- Publisher: Blue Wizard Digital
- Programmer: Josh Langley;
- Platforms: Browser; Microsoft Windows; macOS;
- Release: Browser 1 September 2017 iOS 1 June 2021 Android 29 September 2021
- Genres: FPS; Shooter;
- Mode: Multiplayer

= Shell Shockers =

2017 video game

Shell Shockers is a 2017 first-person shooter video game produced by Blue Wizard Digital. The games features a setting of eggs with guns, allowing players to control an egg with the choice of one of the seven different guns. The game was first released for browsers on September 1, 2018, then for Linux, iOS, and Android. A free-to-play game monetized through 3D mechanics, Shell Shockers is updated regularly using the games as a service model.

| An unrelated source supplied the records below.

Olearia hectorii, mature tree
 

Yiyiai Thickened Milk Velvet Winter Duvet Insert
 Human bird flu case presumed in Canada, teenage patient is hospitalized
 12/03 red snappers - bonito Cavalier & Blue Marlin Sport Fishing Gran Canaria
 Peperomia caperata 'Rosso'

Following the game's release, it was met generally favorable reviews, with reviewers praising the unique concept, while criticism targeted its repetitive gameplay. Shell Shockers is considered the most popular game created by Blue Wizard Digital. In mid-2019, the game had almost 40 million players globally; as of July 2025, Shell Shockers has more than 200 million total lifetime players. The mobile version of the game was released for iOS on June 1, 2021, and for Android on September 29, 2021, both of which were shut down on January 15, 2024.

== Gameplay ==
Shell Shockers is a 3D, first person shooter video game that features eggs with guns, of seven different types. Players can control their egg by using the WASD keys, and create their own nicknames. The EggK-47 (based on the AK-47), the Scrambler (based on a break action shotgun), the Free Ranger (based on the SVD), the RPEGG (based on the RPG-7), the Whipper (based on the FN P90), the Crackshot (based on the M24), and the Tri-Hard (based on the Steyr Aug). There are thousands of player and item skins, most of which can be bought with Eggs, the in-game currency. Eggs are gained from "kills", each kill grants the player 10 eggs, unless the user is playing on Saturday or Sunday, in which case they get 2 times the normal amount of eggs. You can also buy eggs from their online shop. Alongside with the four gamemodes: Free For All, Teams, Captula the Spatula (based on Capture the flag), and King of the Coop (based on King of the Hill).

=== Controls ===
Controls are the movement keys in the game, that can perform actions and movements. In Shell Shockers, the format of the control is WASD/SHIFT, which is popular in browser-based FPS games. The controls in the game, by default, are:

==== Keybindings ====

- W-A-S-D to Move.
- SPACE BAR to Jump.
- SHIFT to Aim.
- LEFT CLICK to Fire.
- R to Reload.
- E to swap to Pistol
- Q to fire a Grenade (hold to throw further).
- F for Melee swing.
- G for weapon Inspect.
- LEFT CLICK to stop grenade from being launched. NOTE - This is not customizable.
- ENTER to type in the chat box. NOTE - This is not customizable.
- TAB to close the chatbox (can be turned off). NOTE - This is not customizable.
- SPACE to go up while spectating.
- SHIFT to go down while spectating.
- V for first person spectation. (Use the up and down arrows to change who you are spectating).
- LEFT CLICK for slow motion spectation.

==== Controller Bindings ====

- 0 to Jump.
- 7 to Fire.
- 6 to Aim.
- 2 to Reload.
- 3 to swap to Pistol.
- 5 to fire a Grenade.
- 1 for Melee swing.
- 4 for weapon Inspect.
- 6 to go up while spectating.
- 7 to go up while spectating.

==== Customization ====
The default controls can be changed in game settings to the players own comfort. The control settings are in the first panel of the settings, and they can be altered in-game. The player presses the key they play with when in a certain control box. Additionally, keys that are not used in the game can also be added as controls. Many players like to have right click as their aim button as it is like that in many other FPS games. It can also be beneficial to use the right mouse button as your grenade key because using 'Q' compromises easy access to the 'A' key, impacting movement.

== Development and release ==
Blue Wizard Digital began working on Shell Shockers which was made using the Babylon.js engine, later releasing it on September 1, 2017. A mobile version for the game was made and put on the Apple Store for iOS and Google Play Store until its shutdown in 2024.

== Reception ==
Shell Shockers is considered the most popular game made by Canadian video game company Blue Wizard Digital. In mid-2019, the game had almost 40 million players worldwide; as of July 2025, Shell Shockers has more than 200 million total lifetime players. Many other gaming platforms also offer the browser-based game, such as CrazyGames. The game received generally favorable reviews, with reviewers praising the uniqueness of the concept.